MicroCT scans of a 3.67-million-year-old Australopithecus fossil, known as “Little Foot,” have provided scientists with unprecedented insights into how this early hominin lived and moved. This fossil, discovered in the Sterkfontein Caves of South Africa, is one of the most complete hominin skeletons ever found, offering a glimpse into the distant past. The latest research, led by scientists at the University of the Witwatersrand’s Evolutionary Studies Institute, focused on the inner ear of Little Foot, revealing important clues about her locomotion, hearing capabilities, and how she may have interacted with her environment. The results were published in the Journal of Human Evolution as part of a special issue dedicated to Little Foot’s near-complete skeleton.
The Role of the Inner Ear in Understanding Evolution
The inner ear, specifically the semicircular canals and cochlea, plays a vital role in our understanding of how ancient hominins lived. These structures not only help with balance and movement but also contribute to auditory processing. By examining these parts in fossilized remains, researchers can deduce important information about a species’ mobility, behavior, and even its sensory capabilities. The research team, including Dr. Amélie Beaudet and Professor Ronald Clarke, virtually extracted Little Foot’s inner ear using MicroCT technology, which allowed them to study the fossil in incredible detail without damaging it.

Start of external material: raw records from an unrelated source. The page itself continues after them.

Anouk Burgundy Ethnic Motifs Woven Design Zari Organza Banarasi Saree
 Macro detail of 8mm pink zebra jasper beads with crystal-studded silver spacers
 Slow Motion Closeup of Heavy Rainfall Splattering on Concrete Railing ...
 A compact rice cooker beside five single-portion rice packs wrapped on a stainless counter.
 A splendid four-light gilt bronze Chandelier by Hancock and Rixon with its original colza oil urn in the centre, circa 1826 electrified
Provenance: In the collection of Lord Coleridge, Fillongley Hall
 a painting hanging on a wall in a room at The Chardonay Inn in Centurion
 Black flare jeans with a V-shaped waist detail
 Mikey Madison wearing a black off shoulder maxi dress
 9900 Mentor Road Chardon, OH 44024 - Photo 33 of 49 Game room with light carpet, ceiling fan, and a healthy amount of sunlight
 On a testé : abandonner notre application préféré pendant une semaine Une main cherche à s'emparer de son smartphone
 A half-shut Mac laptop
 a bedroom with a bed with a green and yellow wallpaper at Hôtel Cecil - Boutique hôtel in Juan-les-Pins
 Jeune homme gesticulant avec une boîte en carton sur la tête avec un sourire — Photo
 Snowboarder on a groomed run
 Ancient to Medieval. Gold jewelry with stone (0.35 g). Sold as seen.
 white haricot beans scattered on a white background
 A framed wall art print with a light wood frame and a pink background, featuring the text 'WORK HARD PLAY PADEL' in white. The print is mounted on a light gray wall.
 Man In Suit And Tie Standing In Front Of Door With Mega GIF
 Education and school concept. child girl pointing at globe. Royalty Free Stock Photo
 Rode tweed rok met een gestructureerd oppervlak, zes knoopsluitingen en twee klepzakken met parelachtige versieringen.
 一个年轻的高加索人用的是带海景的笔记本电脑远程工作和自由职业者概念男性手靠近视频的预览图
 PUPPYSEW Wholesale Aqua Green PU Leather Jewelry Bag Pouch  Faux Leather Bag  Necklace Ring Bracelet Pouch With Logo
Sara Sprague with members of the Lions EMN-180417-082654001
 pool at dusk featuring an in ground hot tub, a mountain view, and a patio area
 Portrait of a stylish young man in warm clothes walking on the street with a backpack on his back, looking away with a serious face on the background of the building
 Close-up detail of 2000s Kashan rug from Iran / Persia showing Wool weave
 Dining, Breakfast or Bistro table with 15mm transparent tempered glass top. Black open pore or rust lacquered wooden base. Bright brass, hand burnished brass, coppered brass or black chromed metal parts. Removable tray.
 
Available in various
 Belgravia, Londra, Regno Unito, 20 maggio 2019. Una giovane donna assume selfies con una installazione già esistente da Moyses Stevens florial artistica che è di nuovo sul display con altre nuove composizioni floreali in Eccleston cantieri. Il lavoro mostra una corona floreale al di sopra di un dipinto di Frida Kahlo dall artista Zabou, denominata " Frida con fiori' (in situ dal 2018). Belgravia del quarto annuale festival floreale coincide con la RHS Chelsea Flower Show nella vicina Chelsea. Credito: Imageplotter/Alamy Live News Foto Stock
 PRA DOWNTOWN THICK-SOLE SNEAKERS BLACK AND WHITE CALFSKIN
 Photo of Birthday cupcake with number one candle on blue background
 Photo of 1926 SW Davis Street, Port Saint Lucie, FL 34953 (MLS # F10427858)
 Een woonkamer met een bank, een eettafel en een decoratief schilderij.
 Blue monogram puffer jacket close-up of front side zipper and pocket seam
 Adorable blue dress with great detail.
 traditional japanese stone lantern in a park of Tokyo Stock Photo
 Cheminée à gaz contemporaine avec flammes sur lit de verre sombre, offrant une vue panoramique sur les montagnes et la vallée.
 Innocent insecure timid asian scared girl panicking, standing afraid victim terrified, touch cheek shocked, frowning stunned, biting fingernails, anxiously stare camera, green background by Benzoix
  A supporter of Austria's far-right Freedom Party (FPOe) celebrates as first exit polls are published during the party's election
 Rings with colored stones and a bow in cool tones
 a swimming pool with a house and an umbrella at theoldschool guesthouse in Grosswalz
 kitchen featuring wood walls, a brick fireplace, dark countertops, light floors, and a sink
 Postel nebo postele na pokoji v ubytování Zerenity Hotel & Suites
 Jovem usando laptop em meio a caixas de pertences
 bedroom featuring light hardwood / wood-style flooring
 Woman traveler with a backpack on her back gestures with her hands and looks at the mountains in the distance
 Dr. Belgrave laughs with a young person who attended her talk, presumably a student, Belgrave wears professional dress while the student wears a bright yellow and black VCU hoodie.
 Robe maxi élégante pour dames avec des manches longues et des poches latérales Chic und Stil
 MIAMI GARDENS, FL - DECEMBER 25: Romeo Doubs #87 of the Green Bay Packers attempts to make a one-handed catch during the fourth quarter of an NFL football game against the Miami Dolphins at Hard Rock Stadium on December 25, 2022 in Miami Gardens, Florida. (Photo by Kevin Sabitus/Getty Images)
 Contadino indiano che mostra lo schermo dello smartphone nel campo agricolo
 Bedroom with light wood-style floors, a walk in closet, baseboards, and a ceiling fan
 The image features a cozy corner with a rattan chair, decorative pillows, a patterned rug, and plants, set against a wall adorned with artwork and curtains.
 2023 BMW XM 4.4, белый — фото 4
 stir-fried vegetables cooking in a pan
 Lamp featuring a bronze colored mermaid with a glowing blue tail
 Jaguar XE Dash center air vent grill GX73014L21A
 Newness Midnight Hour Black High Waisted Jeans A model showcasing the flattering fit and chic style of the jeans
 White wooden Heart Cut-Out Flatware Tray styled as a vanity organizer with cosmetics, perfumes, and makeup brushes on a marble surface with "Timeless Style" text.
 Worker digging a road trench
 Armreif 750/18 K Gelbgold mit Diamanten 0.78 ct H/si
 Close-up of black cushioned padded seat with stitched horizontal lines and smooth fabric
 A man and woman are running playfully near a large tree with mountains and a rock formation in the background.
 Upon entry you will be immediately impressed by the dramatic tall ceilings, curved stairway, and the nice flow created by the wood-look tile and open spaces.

The team compared Little Foot’s inner ear with 17 other hominin specimens from different sites in South Africa, such as Sterkfontein, Swartkrans, and Makapansgat, dating between three and 1.8 million years ago. These specimens came from several genera, including Australopithecus, Paranthropus, and early Homo, as well as modern humans and chimpanzees. What emerged from this comparative analysis was a fascinating mixture of both ape-like and human-like features in Little Foot’s inner ear.
Locomotion and Balance
One of the most striking findings from this study was the structure of the semicircular canals in Little Foot’s inner ear. These canals, which are essential for balance and orientation during movement, exhibited characteristics that were more similar to those of chimpanzees than modern humans or Paranthropus. “By contrast, we found that the Little Foot inner ear canals are close to those of chimpanzees,” says Dr. Beaudet. This is significant because it suggests that, like chimpanzees, Little Foot’s movements were not fully adapted for the kind of bipedal running seen in modern humans. Instead, Little Foot’s anatomy indicates a species that engaged in bipedal walking on the ground but likely retained some ability to move through the trees.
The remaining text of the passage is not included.